Maybe worth if anyone is worried, sending a message to ******** and ask them the question directly?


----------



## keemjay (Jan 19, 2004)

wynnster said:


> No cant find you at all.
> KJ - Yours needs tweaking though  I looked at you to try to find PL.
> 
> Happy to have a look for anyone else


hmm not sure what you mean..did you find me using your fake ** account


----------



## aaa is a MUMMY (Oct 13, 2009)

We r not on ******** but everyone else in family is and I do worry what pics might be on there. We were told bp are only 6 clicks away from finding bc    I think this may even have been 4 as we finished the process. 

Scarey stuff


----------



## Anthony Reid (Jan 1, 2002)

From ********.....



> What is "People You May Know"?
> People You May Know are people on ******** that you likely know.

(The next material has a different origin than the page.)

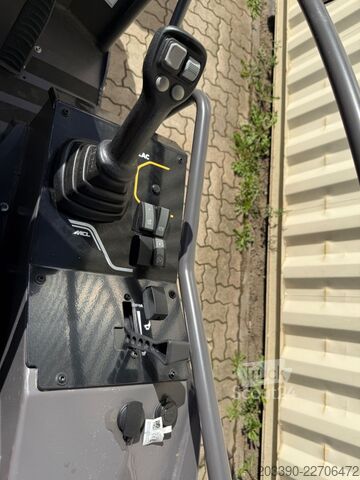 Kolesni nakladalnik MECALAC MCL2 / Neuwertig / inkl. Schaufel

We show you people based on mutual friends, work and education information, networks you're part of, contacts you've imported and *many other factors*.
> 
> Since our formula is automatic, you might occasionally see people you don't know or don't want to be friends with. To remove them from view, just click the X next to their names. Remember: ******** does not send friend requests to anyone that shows up in this list on your behalf.


The last sentence doesn't mean that they do not suggest you to other people (BP for example) though.

http://www.********.com/help/501283333222485/


----------



## katie c (Jun 15, 2009)

Daisy-Chain said:


> How strange! Iv just been on my ******** and looked down a huge list of suggested friends and not one of them I have no friends in common with, all at least one and some lots more!


I don't think I've ever seen one in the list of suggested friends, but just ones that pop up at the side of your feed.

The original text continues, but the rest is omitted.